Ted Wood, the Assistant General Counsel for the Office of Court Administration (OCA), explained the implications to your correspondent thusly via email:
the collection of court costs by the government from  those defendants who have never received a bill of costs appears to be improper.  It's arguably a deprivation of property without due process of law as prohibited by the Fifth Amendment.

The same idea could apply to persons who have had their probation revoked for the nonpayment of court costs.  In the absence of a bill of costs, according to the Johnson opinion's reasoning, the probationers weren't obligated to pay the money because no government actor could collect it.  Their probation revocations by the court could be suspect.

So the CCA opinion has resulted in Mr. Manley Johnson owing the $234 assessed against him (because a bill of costs was eventually produced -- albeit late in the game).  But the repercussions could be substantial.

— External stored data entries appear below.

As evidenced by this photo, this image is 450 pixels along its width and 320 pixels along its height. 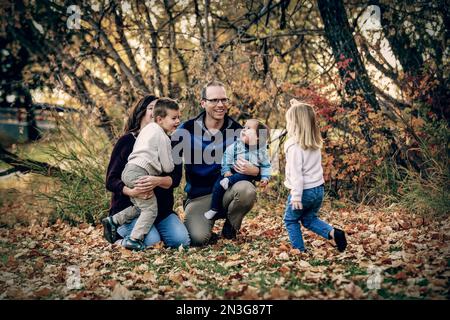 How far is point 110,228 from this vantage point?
5164 millimetres

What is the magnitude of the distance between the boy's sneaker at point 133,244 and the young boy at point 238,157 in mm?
A: 739

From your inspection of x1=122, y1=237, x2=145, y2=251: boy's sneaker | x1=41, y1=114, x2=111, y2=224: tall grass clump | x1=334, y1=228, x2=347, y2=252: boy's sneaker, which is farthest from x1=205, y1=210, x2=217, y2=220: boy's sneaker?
x1=41, y1=114, x2=111, y2=224: tall grass clump

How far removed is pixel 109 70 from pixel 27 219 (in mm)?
3456

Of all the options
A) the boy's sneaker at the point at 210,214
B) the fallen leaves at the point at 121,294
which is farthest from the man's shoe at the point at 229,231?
the fallen leaves at the point at 121,294

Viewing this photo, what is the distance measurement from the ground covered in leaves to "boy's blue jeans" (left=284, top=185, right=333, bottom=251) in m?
0.17

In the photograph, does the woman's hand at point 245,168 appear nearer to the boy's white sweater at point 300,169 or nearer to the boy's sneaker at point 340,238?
the boy's white sweater at point 300,169

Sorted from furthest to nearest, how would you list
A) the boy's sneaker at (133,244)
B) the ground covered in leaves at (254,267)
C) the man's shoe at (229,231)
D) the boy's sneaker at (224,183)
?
the man's shoe at (229,231) < the boy's sneaker at (224,183) < the boy's sneaker at (133,244) < the ground covered in leaves at (254,267)

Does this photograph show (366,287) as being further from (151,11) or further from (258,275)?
(151,11)

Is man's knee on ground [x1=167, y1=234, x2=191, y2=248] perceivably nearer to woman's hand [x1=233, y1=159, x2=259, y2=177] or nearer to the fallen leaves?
woman's hand [x1=233, y1=159, x2=259, y2=177]

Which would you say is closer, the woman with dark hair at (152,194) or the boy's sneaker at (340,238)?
the boy's sneaker at (340,238)

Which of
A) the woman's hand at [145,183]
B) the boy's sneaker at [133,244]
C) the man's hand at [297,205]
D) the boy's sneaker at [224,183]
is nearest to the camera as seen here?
the man's hand at [297,205]

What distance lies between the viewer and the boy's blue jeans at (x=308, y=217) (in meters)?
4.41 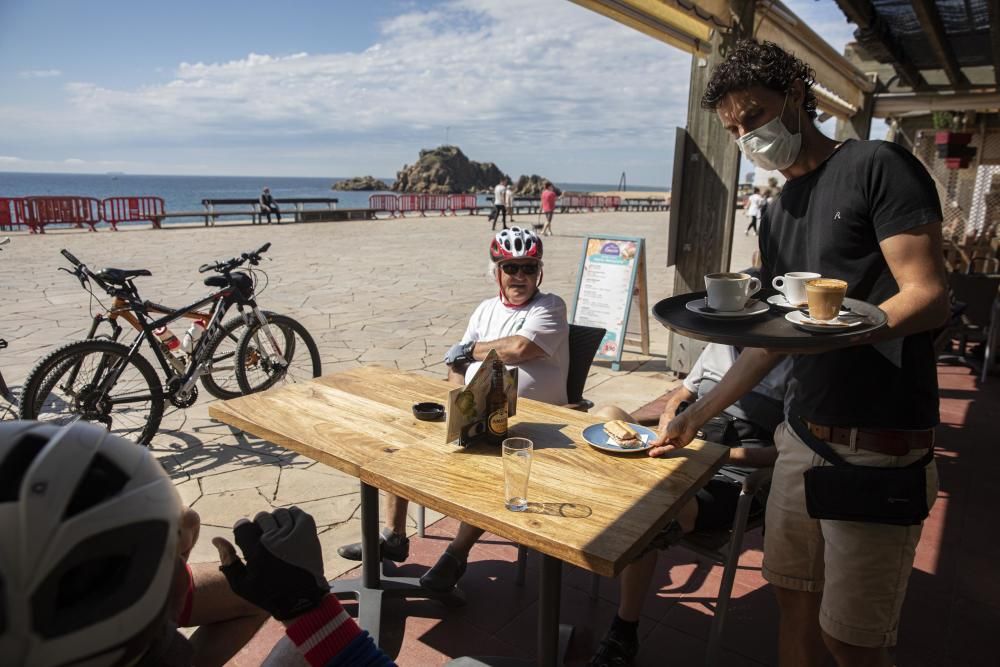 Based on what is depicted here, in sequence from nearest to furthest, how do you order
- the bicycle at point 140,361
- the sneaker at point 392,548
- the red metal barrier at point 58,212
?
the sneaker at point 392,548
the bicycle at point 140,361
the red metal barrier at point 58,212

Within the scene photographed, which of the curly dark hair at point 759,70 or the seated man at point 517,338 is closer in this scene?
the curly dark hair at point 759,70

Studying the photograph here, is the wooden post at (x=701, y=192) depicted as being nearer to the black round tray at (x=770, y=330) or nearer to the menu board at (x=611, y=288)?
the menu board at (x=611, y=288)

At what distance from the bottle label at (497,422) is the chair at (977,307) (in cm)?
557

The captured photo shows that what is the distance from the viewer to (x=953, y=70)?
7.42 metres

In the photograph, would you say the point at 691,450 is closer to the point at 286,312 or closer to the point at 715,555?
the point at 715,555

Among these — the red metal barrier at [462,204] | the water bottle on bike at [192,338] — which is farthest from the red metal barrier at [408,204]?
the water bottle on bike at [192,338]

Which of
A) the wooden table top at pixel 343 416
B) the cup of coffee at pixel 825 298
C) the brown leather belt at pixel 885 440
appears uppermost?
the cup of coffee at pixel 825 298

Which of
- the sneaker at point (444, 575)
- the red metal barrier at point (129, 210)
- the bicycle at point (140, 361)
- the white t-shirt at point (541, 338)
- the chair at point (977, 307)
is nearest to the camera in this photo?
the sneaker at point (444, 575)

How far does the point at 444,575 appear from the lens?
2.58 meters

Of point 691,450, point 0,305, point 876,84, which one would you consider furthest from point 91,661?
point 876,84

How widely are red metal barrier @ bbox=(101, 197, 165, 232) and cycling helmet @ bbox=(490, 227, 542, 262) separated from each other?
1851cm

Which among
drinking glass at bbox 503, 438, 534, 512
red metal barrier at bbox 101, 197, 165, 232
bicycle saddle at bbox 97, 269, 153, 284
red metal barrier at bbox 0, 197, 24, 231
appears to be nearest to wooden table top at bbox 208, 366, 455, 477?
drinking glass at bbox 503, 438, 534, 512

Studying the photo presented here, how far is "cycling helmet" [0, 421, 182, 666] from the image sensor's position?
0.76 meters

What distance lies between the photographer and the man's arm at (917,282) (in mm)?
1475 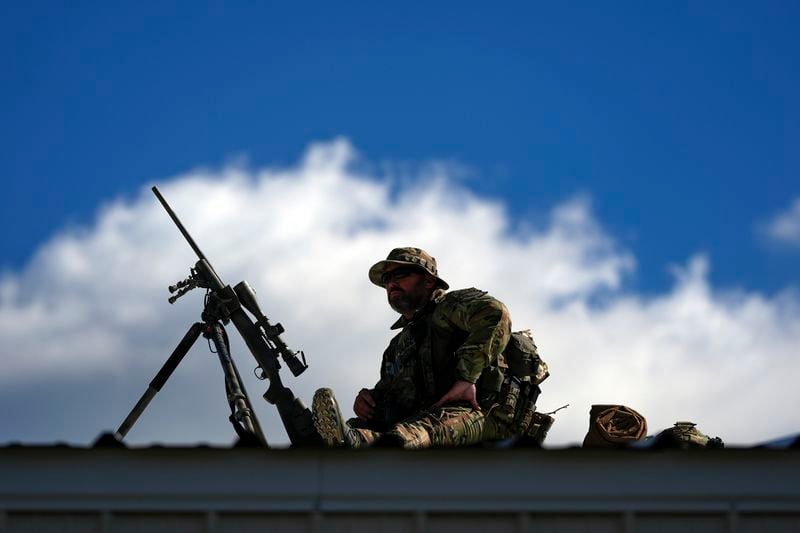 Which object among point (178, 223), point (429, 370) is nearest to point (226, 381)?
point (178, 223)

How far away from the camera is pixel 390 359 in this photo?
11.6m

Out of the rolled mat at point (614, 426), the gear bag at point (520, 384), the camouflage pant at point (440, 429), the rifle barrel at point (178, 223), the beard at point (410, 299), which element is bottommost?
the camouflage pant at point (440, 429)

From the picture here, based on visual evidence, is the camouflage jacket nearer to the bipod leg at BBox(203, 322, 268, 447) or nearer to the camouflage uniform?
the camouflage uniform

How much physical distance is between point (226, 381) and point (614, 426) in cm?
498

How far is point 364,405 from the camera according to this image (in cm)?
1127

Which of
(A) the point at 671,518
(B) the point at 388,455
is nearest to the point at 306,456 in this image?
(B) the point at 388,455

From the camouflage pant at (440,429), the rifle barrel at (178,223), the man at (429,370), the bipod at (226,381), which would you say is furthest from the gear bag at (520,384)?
the rifle barrel at (178,223)

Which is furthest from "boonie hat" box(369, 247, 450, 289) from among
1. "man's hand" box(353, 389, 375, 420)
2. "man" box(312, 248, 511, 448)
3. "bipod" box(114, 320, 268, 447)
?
"bipod" box(114, 320, 268, 447)

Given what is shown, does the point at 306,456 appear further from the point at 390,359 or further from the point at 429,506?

The bottom line is this:  If you've been ordered to pay court costs but no bill of costs has been produced, you don't owe the money. Why?  Because the government is prohibited from collecting it from you.  And if you have already paid the money in the absence of a bill of costs, the collection of the money by the government was arguably unconstitutional.
If that interpretation is accurate, Harris County may have won the battle over court costs but egregiously lost the war. Again from Mr. Wood, in response to Grits' followup questions:
The opinion is not conducive to judicial economy. Here is what we may see:
(1) Individuals in TDCJ who have never been presented with a bill of costs and who have had money withdrawn from their inmate accounts will be able to challenge the withdrawals in civil proceedings.  This is because the government was prohibited from collecting this money.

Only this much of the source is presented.